Several well-known Kiwi personalities have voiced their opposition to the Immigration Amendment Bill in a video released on You Tube.
The clip, entitled "We are better than that", includes comedians Jeremy Elwood, Michele A'Court and Oscar Kightley, musician Dave Dobbyn and arts curator and social commentator Hamish Keith.
The Immigration Amendment Bill, which earlier this year passed its first vote and has gone before select committee, will see an arrival of more than 10 asylum seekers defined as a "mass arrival", with mandatory detention for mass arrivals for up to six months.
It will limit the group of people refugees can apply for in a family reunification application to "immediate family", grant authorities greater powers to suspend processing of refugees and make it more difficult for refugees to have their asylum claims reviewed.
Journalist and ex-Herald columnist Tracey Barnett is behind the group "We are better than that" which is calling for a public discussion on the bill.
"For the first time, New Zealand is proposing a law that would lock up boat-arriving asylum seekers. The irony - in modern history, New Zealand has never had a boat arrival of asylum seekers," the group's Facebook page reads.
"Mandatory detention has had disastrous results for Australia - suicides, depression, detainees burning their camps in despair. Not so in this country.

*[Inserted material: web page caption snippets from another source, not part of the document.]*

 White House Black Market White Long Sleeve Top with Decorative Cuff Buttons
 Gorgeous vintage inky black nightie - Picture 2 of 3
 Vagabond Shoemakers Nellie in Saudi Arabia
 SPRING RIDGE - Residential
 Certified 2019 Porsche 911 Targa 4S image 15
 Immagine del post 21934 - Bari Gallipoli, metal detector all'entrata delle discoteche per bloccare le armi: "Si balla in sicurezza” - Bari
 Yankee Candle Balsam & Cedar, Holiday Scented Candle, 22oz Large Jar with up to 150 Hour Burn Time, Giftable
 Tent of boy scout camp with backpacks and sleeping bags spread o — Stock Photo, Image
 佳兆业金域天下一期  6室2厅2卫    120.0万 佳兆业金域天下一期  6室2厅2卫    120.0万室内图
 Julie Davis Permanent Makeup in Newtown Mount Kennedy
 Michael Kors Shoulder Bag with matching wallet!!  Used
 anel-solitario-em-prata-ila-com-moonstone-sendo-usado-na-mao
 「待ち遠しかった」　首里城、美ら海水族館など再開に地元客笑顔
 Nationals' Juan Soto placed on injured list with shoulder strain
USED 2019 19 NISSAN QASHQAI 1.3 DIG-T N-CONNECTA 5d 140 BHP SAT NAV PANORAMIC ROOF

"New Zealand has always allowed the very small numbers who do make it here by plane to wait in the community until their case is decided, with few exceptions. Only about 125 asylum seekers get to stay in New Zealand, of the roughly 300 that apply each year. We have always honoured the UN Conventions that promise we won't treat those running for their lives like criminals - until now."
Immigration Minister Nathan Guy has defended the bill, telling Parliament in May that although New Zealand has never had a "mass arrival" of asylum seekers, the law change will enable the country to act if it ever occurred.